CHICAGO (CN) - Concordia University Chicago charged graduate students more than $20,000 a head for accredited degrees, then failed to tell them it was not renewing its accreditation, 11 students claim in court.

Carlotta Jefferson and 10 other graduate students sued Concordia University Chicago in Cook County Court.

Concordia University, previously known as Concordia College, is a Lutheran liberal arts university in suburban River Forest.

The plaintiffs are enrolled in Concordia's School Counseling degree program, seeking to "serve as competent elementary, middle school, and high school counselors in both the public and parochial school settings," according to the complaint.

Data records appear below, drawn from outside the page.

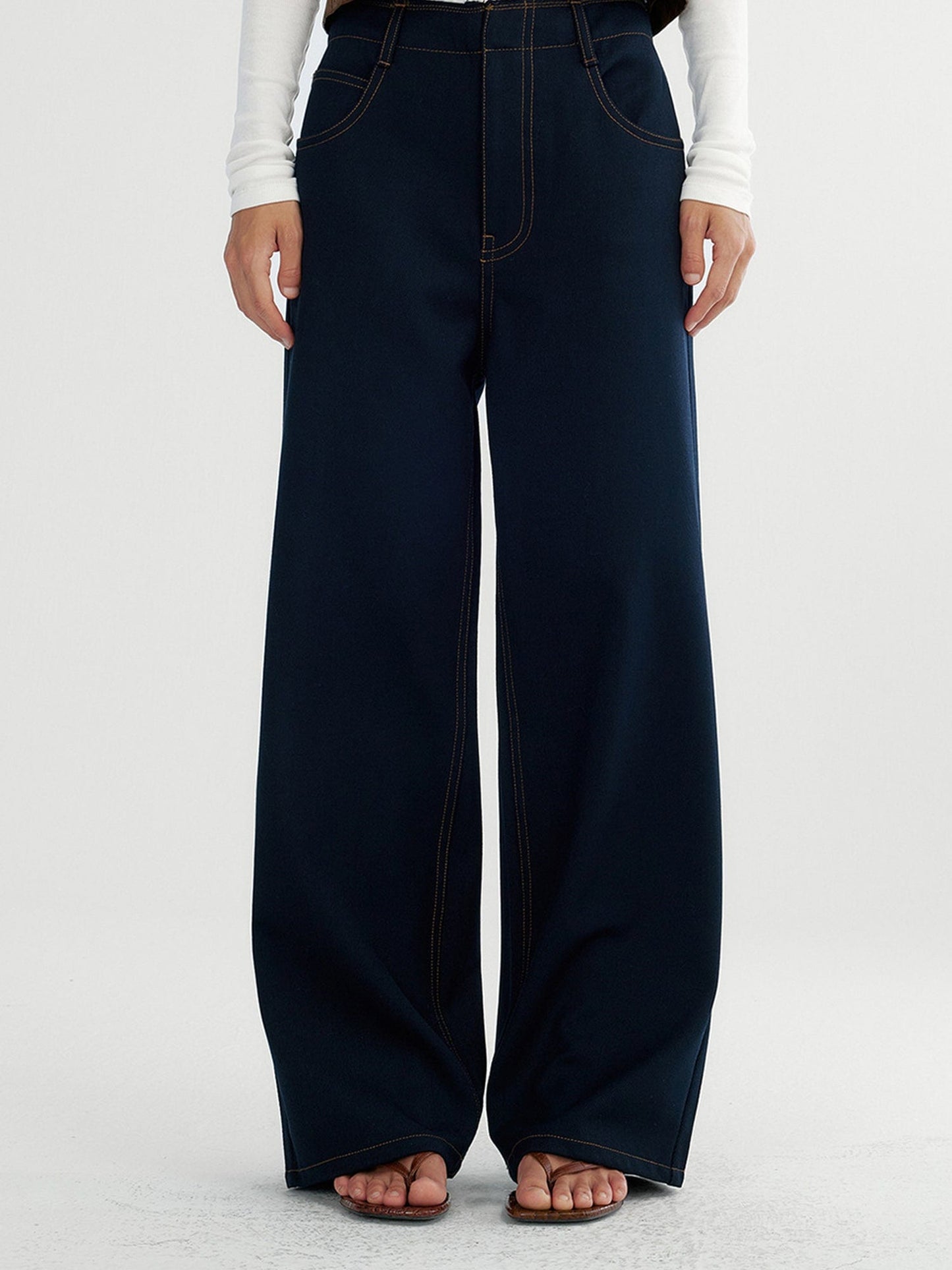 Woman wearing Arkin Studio raw edge contrast stitch trousers in dark navy, with hands down at her sides, standing facing the camera, on a white background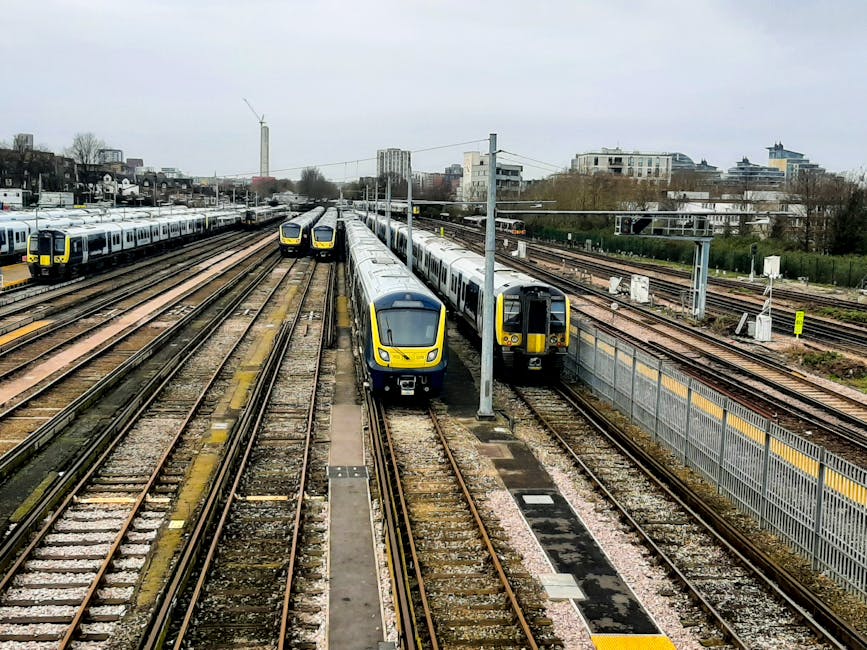 A busy train yard viewed from an elevated perspective, showcasing multiple parallel railway tracks with some used for passenger trains and others empty. Two modern, yellow and grey electric trains are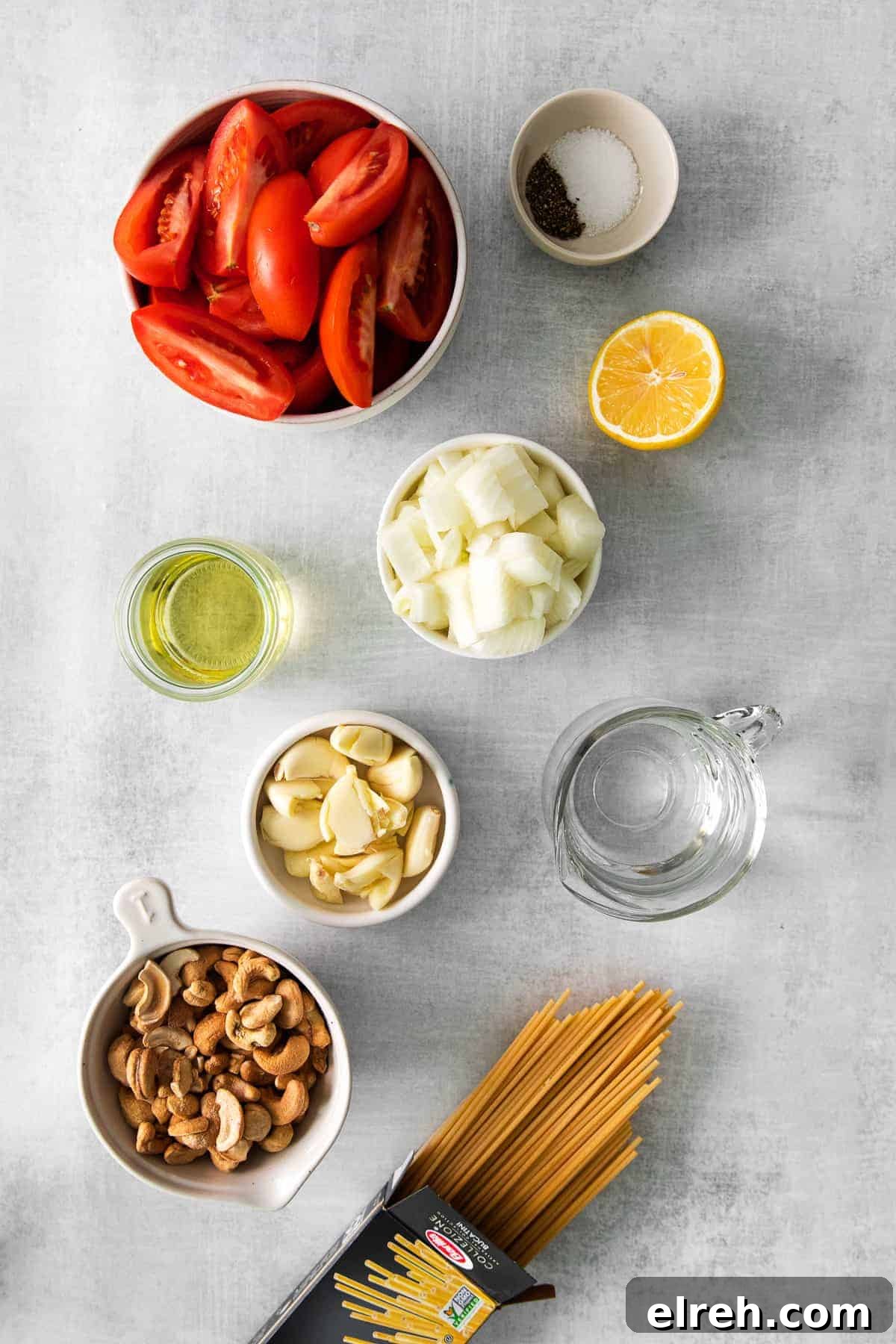 The most delicious creamy vegan pasta is made with soaked cashews, roasted tomatoes, and garlic. Blend it up and serve it with fresh basil and your favorite pasta! ingredients on counter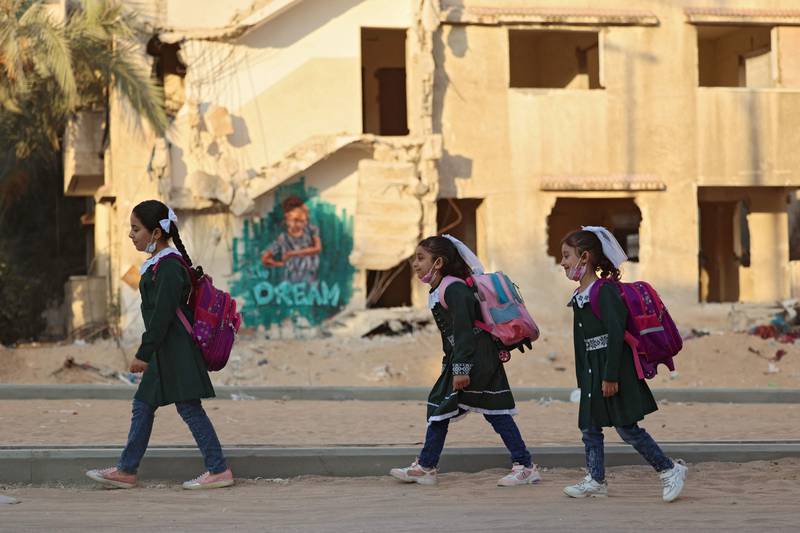 Children walk to school past buildings destroyed by war. AFP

"This is a case about a blatant disregard of a relied-upon promise, the totally unfair treatment of a student population, and a voluntary decision to violate Illinois law," the complaint states.

"The graduate students of Concordia's School Counseling program who enrolled primarily in 2009 and 2010 made their decision to attend the university mainly based on an important promise by the university. That important promise was that the students' prospective Master's degrees would bear the shiny gloss of the nation's top counseling accreditation organization - the Council for Accreditation of Counseling and Related Educational Programs (CACREP). But although those students were led to believe throughout their matriculation that they would now be only a few months away from obtaining that coveted prize - after many hours of study and incurring higher than average tuition payments - they only recently learned that their Master's degrees will lack that valuable luster.

"Starting in May 2013, as a result of a voluntary decision made by Concordia, the

University's School Counseling Master's degree will no longer be accredited by CACREP, despite the promise Concordia made to the plaintiffs, upon enrolling, that meeting the academic and financial requirements would result in such an accredited degree. Adding insult to injury, although Concordia was aware of the precarious status of the School Counseling program's CACREP accreditation for some time, Concordia concealed that information from their student consumers, to their detriment."

CACREP accreditation "provides recognition that the content and quality of the program has been evaluated and meets standards met by the progression," according to the complaint.

Students without an accredited degree must take three additional courses after graduation if they want to take the licensing exam to become Licensed Professional Counselors, the plaintiffs say.

"It was not until one of the plaintiffs brought the dire status of the CACREP accreditation to the attention of the rest of the affected School Counseling students that the university began to acknowledge that the continued CACREP accreditation was even an issue," the complaint states.

"Concordia's failure, for at least a year, to inform the students that CACREP accreditation for the School Counseling Master's Program was in peril severely limited the plaintiffs' practical options to transfer to another university having a CACREP-accredited School Counseling program. This was grossly unfair to the plaintiffs and other School Counseling students and resulted in harm to them. ...

"Without the badge of CACREP accreditation, the plaintiffs' School Counseling Master's degree will be substantially less valuable to them in their pursuits of employment in School Counseling and other related professions, as well as educational opportunities."

They seek reimbursement of more than $20,000 in tuition per student, and punitive damages for breach of contract and deceptive business practices.

They are represented by Manotti Jenkins.